Dalla tv e dalla lettura dei giornali, l’Italia appare senza uno straccio di proposta alternativa a quella della sinistra orfana dal Partito comunista. È l’effetto della crisi culturale in cui è piombata l’Italia, la cui scuola programmaticamente dominata da reduci ex comunisti, non ancora definitivamente postcomunisti, non ha prodotto una credibile classe dirigente. Il Pci, entrato in crisi con la dissoluzione dell’Urss e la scomparsa del comunismo internazionale, ha generato una classe dirigente priva di una decente identità che non sia il rimpianto dello Stato guida da imitare.
Il berlusconismo si era ridotto all’anticipazione del renzismo, promettendo riforme che poi non aveva fatto, e limitandosi alla leadership personale del suo fondatore, che è imprenditore capace, ma come uomo politico è troppo fragile; da destra, Berlusconi lo si invoca alla vigilia di ogni elezione, come il leader che la farà vincere, ma palesemente anche non in grado di promettere un governo culturalmente capace. Così, la sinistra, con un’operazione trasformistica, si è inventata, con Renzi, una cattiva parodia di Berlusconi, conquistando parte del ceto medio, sempre alla ricerca dell’«uomo forte» che decida le riforme delle quali ha bisogno il Paese. Ma il renzismo sta fallendo, anche come «uomo solo al comando», soffocato dalle molte promesse non attuate, e all’opposizione c’è, anche lì, «un uomo solo al comando»; che magari fa vincere le elezioni, ma in seguito non pare in grado di proporre, in assenza di una cultura concretamente liberale, altro che la propria leadership. Di cultura politica moderna, occidentale per non dire liberale – a destra come a sinistra -, manco parlarne. Il Paese regredisce, il renzismo propone riforme che non fa e una leadership personale, vagamente autoritaria, che assomiglia troppo al mussolinismo del ’22 per non inquietare.

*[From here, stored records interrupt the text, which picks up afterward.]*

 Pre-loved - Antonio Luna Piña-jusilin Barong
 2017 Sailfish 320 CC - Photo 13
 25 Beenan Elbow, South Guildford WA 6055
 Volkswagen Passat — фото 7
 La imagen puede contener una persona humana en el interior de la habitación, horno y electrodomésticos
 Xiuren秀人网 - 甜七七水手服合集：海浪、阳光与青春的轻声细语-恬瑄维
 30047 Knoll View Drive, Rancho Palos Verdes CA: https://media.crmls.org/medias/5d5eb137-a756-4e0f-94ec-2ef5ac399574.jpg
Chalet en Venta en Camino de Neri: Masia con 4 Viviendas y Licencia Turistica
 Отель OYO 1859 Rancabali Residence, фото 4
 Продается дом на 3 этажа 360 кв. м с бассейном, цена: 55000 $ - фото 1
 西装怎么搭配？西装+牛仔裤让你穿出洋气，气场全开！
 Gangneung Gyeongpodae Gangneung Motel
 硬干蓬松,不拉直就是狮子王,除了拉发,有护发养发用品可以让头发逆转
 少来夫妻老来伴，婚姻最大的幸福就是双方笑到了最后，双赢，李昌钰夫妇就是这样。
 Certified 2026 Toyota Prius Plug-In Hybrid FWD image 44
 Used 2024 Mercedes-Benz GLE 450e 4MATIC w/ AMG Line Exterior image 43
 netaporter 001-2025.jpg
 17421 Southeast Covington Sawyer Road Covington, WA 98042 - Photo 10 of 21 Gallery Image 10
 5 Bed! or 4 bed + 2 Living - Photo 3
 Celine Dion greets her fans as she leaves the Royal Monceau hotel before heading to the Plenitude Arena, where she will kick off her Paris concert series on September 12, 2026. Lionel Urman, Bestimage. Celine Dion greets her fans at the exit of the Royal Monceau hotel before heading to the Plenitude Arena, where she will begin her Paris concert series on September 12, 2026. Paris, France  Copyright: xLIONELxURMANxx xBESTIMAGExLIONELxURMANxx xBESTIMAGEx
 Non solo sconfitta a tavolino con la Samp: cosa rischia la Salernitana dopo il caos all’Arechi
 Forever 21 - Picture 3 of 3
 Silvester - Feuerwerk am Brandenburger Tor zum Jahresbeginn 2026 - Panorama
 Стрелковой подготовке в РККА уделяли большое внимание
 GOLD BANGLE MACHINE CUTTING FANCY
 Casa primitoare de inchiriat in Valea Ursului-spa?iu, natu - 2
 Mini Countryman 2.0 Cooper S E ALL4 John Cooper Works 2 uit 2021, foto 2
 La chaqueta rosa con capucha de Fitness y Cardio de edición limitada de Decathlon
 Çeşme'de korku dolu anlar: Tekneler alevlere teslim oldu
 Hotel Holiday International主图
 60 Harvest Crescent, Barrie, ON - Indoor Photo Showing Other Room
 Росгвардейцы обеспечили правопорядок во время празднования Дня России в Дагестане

Caro Berlusconi, se lo lasci dire da chi non vota né a destra né a sinistra, perché non ci vede alternative appena appena credibili: da imprenditore di successo, immagini che l’Italia sia una sorta di grande televisione; imponga la sua leadership solo per far nascere una classe dirigente e le lasci da dirigere Forza Italia e, magari, domani, il governo. Come imprenditore, lei è naturalmente un accentratore e, a quanto credo di aver capito, anche sufficientemente vanitoso da non lasciare spazio a nessuno. Ma in politica l’accentramento in una sola persona della capacità di leadership, per non parlare di quella di governo, è fragile e persino dannosa, come già si è visto. Non le suggerisco di farsi da parte, ci mancherebbe; solo di fare tesoro della sua felice esperienza e delle sue indubbie capacità imprenditoriali per creare una classe dirigente degna di questo nome. Non prometto di votare Forza Italia, ma almeno avrei un po’ più di fiducia nel mio Paese.